Problem to solve - Transcribe the records in full; omit images.

Record set -
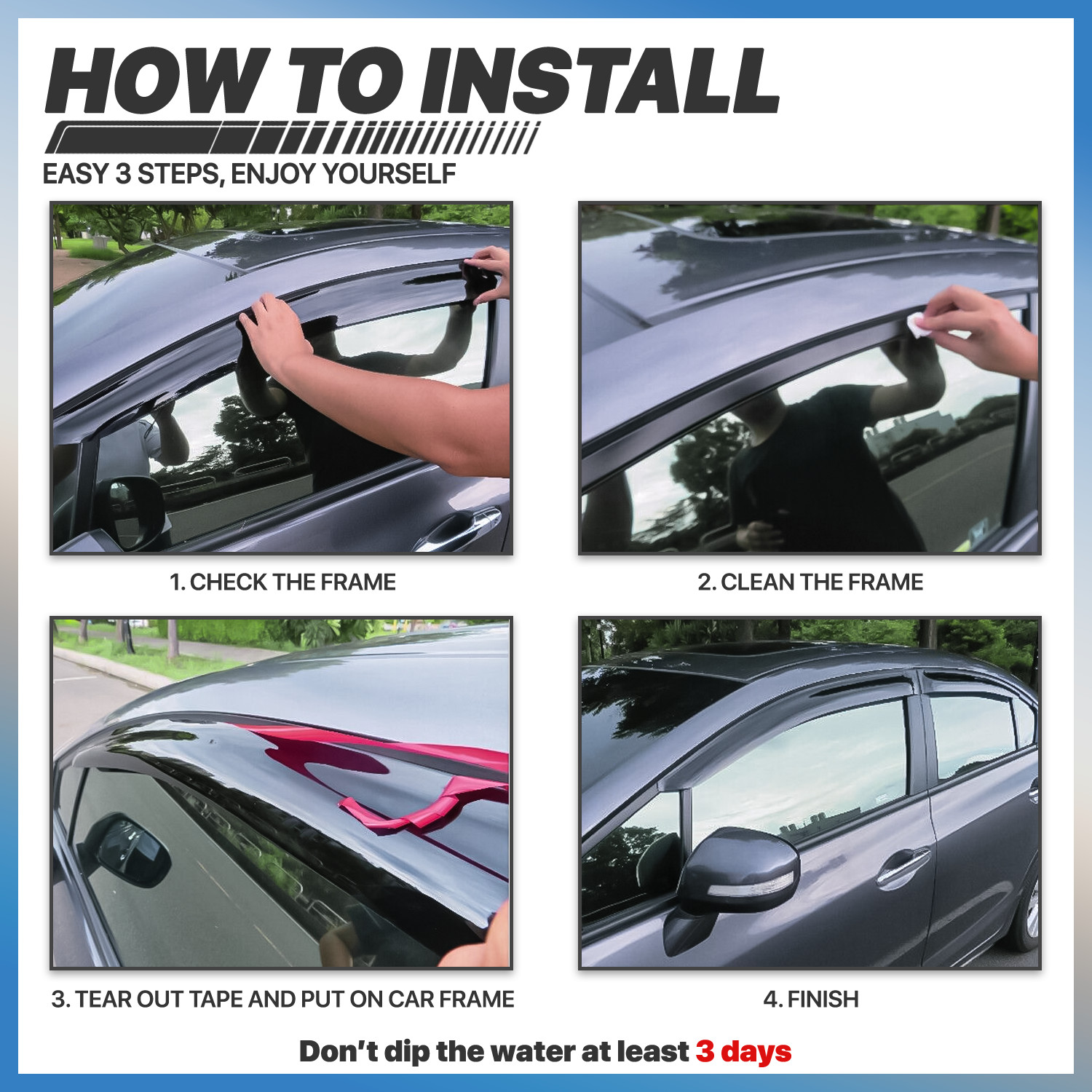 Tape-On Window Visor Vent Wind Deflector for 99-07 Chevy Silverado Extended Cab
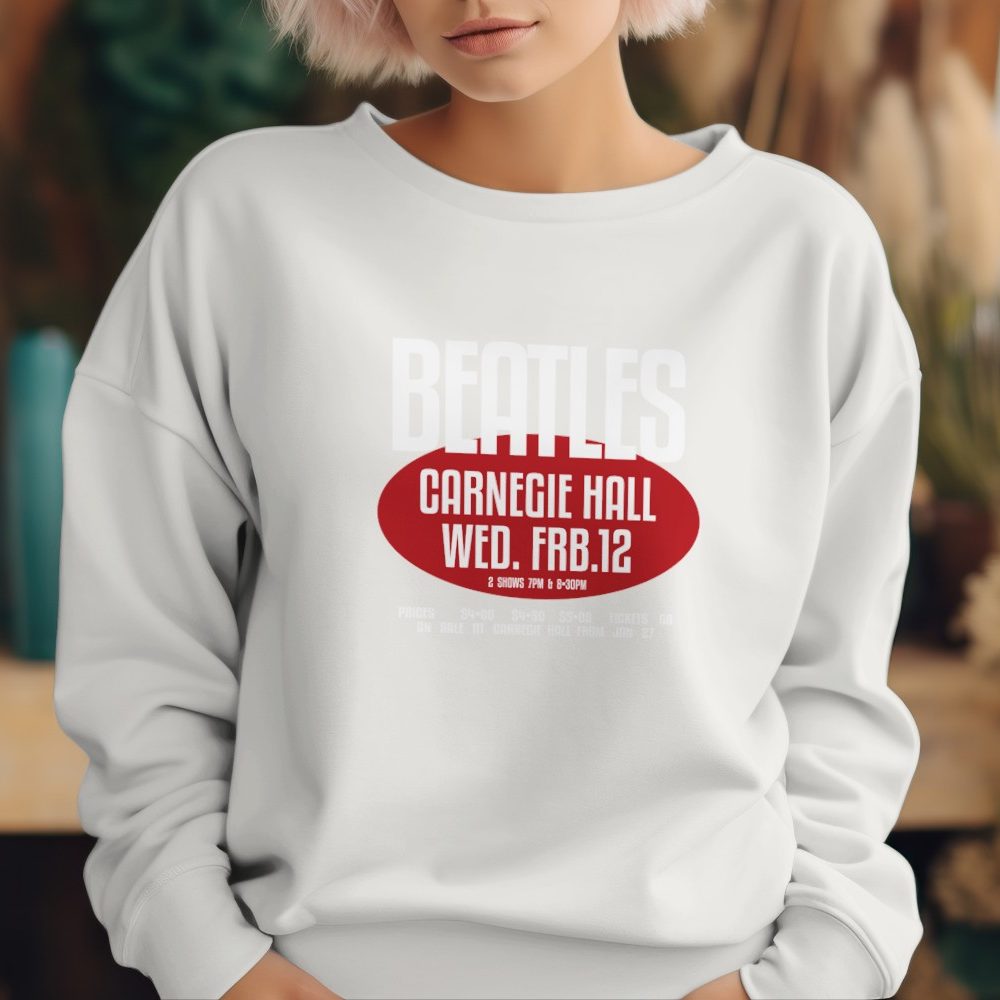 Sweat oversize coton bio Femme The Beatles avec un design de The Beatles Carnegie Hall rouge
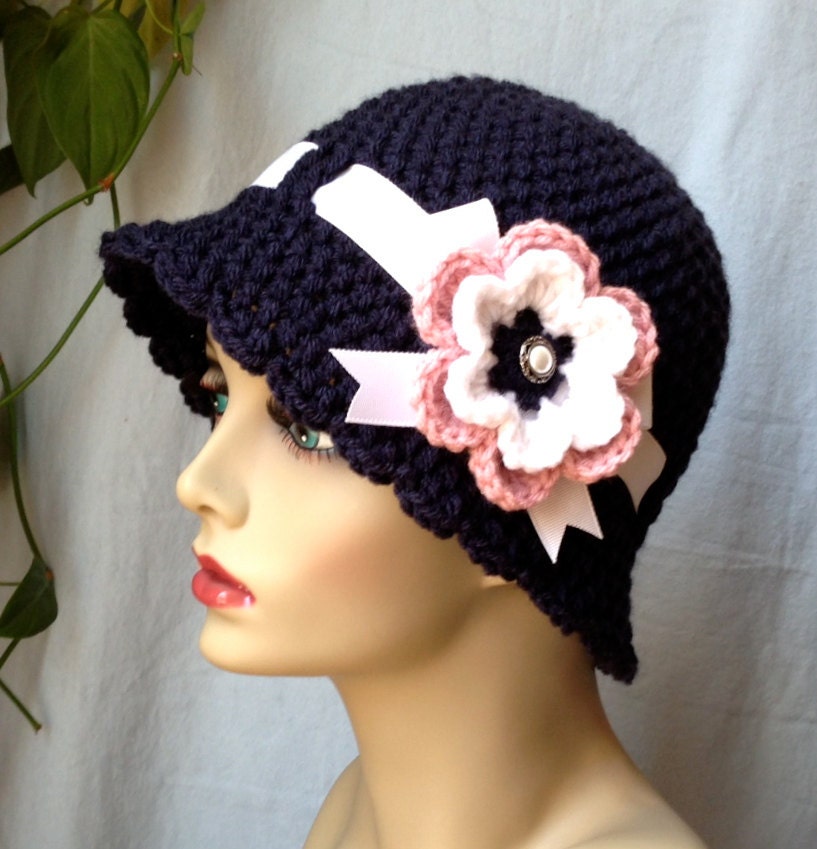 Navy Crochet Hat, Women Cloche, Flower, Pearl Button, White Ribbon, Birthday Gifts, Tea Party, Photo Props, Handmade, JE280CRF8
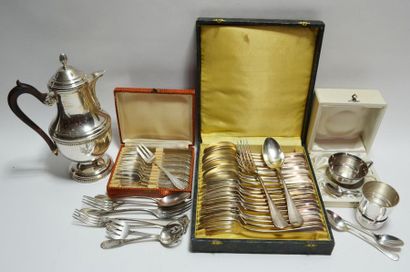 null SILVER METAL LOT including a rosewood coffee pot, two small spoons, three forks,...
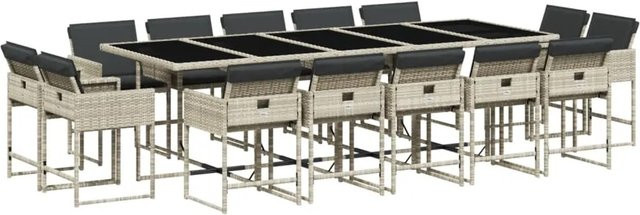vidaXL 15-teilige Garten-Essgruppe aus Poly-Rattan mit Kissen in Hellgrau und Anthrazit - Bild 1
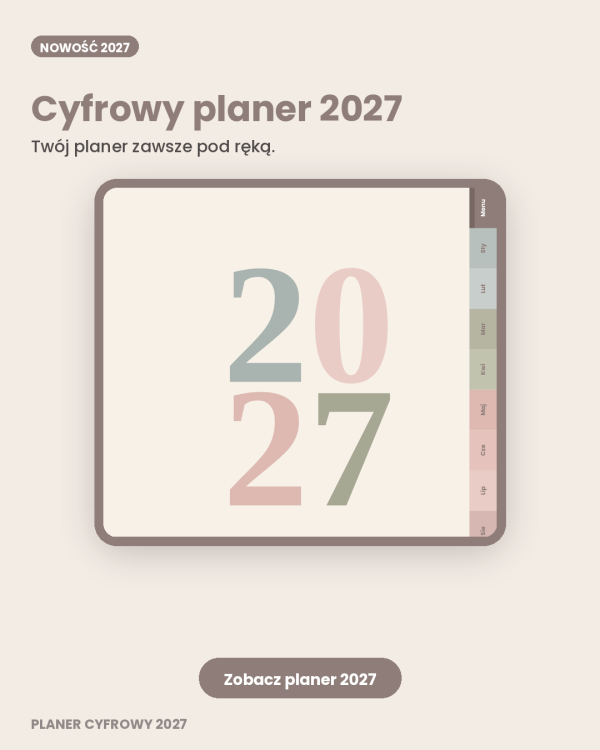 Cyfrowy Kalendarz 2027 / PDF do druku - Cicha Przystań – podgląd strony planera 1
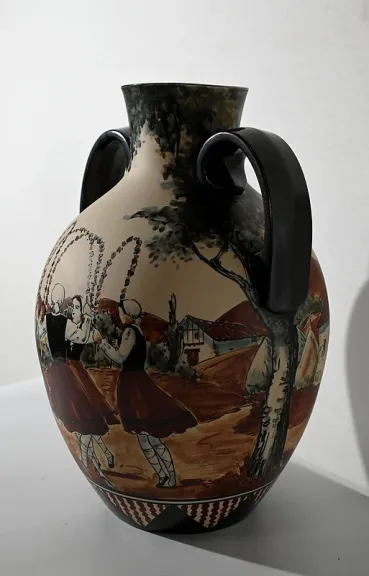 Vase de Ciboure en Grès, signé C. Fischer – Fin XXe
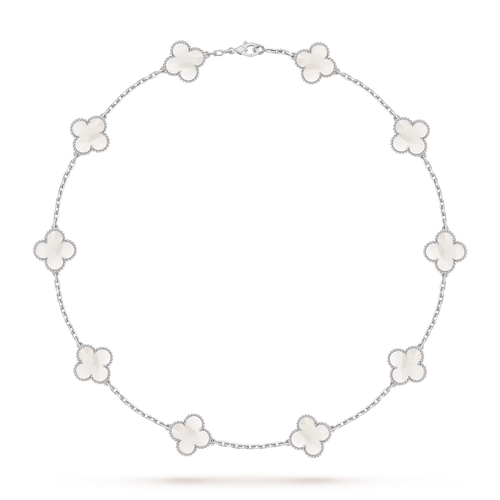 [Leaves]CLASSIC LUCKY 10-MOTIF CLOVER NECKLACE WHITE GOLD COLLECTION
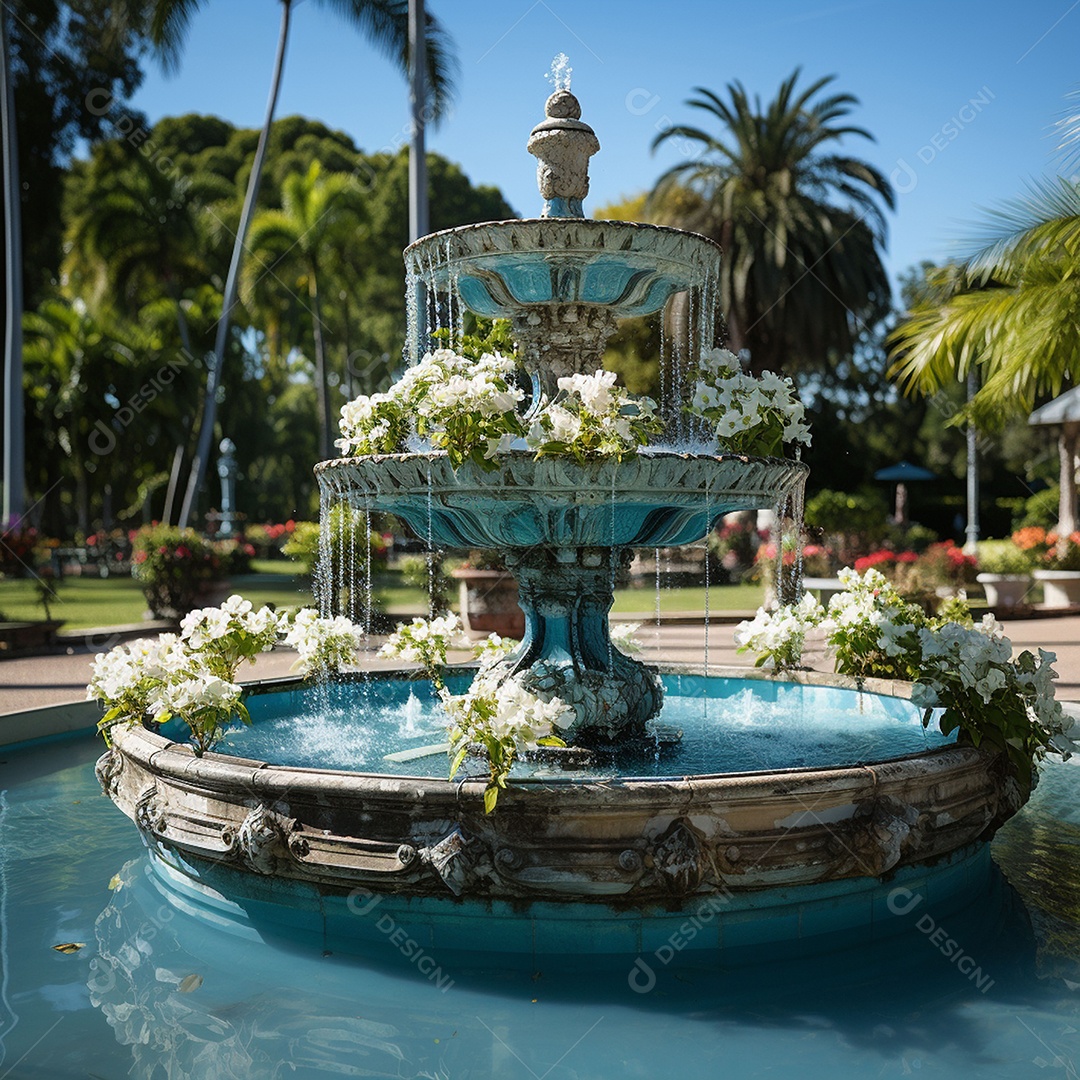 Fonte no jardim com fundo de céu azul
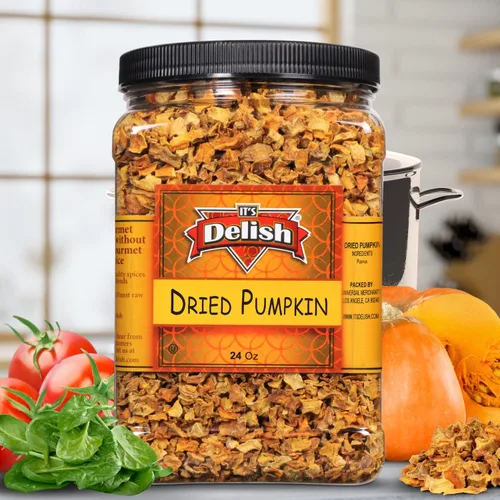 Vista 3 de Its Delish, recipiente jumbo de 24 onzas Dados de calabaza deshidratados gourmet picados para cocinar y hornear sopa de verduras saludables Sin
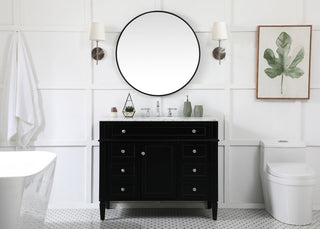 Home Living Vanity with Carrara White Marble Countertop, Black, 42", Single Sink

Solution to the problem -
 Tape-On Window Visor Vent Wind Deflector for 99-07 Chevy Silverado Extended Cab
 Sweat oversize coton bio Femme The Beatles avec un design de The Beatles Carnegie Hall rouge
 Navy Crochet Hat, Women Cloche, Flower, Pearl Button, White Ribbon, Birthday Gifts, Tea Party, Photo Props, Handmade, JE280CRF8
 null SILVER METAL LOT including a rosewood coffee pot, two small spoons, three forks,...
vidaXL 15-teilige Garten-Essgruppe aus Poly-Rattan mit Kissen in Hellgrau und Anthrazit - Bild 1
 Cyfrowy Kalendarz 2027 / PDF do druku - Cicha Przystań – podgląd strony planera 1
 Vase de Ciboure en Grès, signé C. Fischer – Fin XXe
 [Leaves]CLASSIC LUCKY 10-MOTIF CLOVER NECKLACE WHITE GOLD COLLECTION
 Fonte no jardim com fundo de céu azul
 Vista 3 de Its Delish, recipiente jumbo de 24 onzas Dados de calabaza deshidratados gourmet picados para cocinar y hornear sopa de verduras saludables Sin
 Home Living Vanity with Carrara White Marble Countertop, Black, 42", Single Sink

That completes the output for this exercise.